▶ _Exercise requirements_
Using the records below, filter for lines that contain the string "Industrial" and copy them out.

▶ _Records to process_
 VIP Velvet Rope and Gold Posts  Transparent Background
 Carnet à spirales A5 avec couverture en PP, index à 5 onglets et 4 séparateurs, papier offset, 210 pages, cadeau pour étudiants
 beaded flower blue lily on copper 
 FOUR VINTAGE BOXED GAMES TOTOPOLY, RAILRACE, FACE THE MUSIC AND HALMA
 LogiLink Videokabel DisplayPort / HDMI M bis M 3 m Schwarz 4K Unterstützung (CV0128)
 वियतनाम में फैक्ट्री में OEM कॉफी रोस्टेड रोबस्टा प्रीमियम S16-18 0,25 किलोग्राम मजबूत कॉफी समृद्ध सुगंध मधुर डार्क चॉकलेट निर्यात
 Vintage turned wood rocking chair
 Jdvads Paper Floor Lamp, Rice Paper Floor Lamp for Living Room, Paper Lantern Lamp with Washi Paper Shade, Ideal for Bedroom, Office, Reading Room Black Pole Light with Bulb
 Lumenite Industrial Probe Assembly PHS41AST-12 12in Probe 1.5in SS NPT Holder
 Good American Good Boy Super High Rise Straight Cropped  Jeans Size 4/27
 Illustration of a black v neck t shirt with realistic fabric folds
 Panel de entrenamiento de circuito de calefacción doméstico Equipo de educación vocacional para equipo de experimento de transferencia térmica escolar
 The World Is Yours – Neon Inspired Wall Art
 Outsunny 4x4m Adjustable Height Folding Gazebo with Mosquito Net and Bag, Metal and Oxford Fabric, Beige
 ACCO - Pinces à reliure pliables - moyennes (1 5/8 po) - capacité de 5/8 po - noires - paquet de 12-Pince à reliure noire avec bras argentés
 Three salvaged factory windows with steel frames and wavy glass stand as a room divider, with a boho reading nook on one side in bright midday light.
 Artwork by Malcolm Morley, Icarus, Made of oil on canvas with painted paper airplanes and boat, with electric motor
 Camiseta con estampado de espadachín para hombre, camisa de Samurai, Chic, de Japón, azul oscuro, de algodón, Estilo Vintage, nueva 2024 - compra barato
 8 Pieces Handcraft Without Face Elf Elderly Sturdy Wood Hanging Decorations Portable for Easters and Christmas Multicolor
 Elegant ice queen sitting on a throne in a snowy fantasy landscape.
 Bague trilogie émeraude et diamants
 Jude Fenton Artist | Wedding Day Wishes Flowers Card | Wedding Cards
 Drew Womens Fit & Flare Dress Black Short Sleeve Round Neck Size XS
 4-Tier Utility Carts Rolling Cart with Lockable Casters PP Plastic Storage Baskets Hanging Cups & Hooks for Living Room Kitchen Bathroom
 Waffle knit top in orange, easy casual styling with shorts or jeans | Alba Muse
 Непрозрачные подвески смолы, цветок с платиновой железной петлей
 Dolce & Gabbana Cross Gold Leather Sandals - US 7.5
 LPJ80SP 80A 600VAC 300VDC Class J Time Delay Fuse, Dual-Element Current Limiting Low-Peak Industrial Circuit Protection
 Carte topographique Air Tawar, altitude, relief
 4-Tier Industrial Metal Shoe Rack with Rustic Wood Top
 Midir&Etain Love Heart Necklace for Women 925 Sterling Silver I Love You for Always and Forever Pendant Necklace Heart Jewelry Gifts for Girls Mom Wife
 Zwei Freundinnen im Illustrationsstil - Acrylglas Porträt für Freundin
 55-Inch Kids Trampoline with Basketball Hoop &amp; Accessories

▶ _Written reply_
 Lumenite Industrial Probe Assembly PHS41AST-12 12in Probe 1.5in SS NPT Holder
 LPJ80SP 80A 600VAC 300VDC Class J Time Delay Fuse, Dual-Element Current Limiting Low-Peak Industrial Circuit Protection
 4-Tier Industrial Metal Shoe Rack with Rustic Wood Top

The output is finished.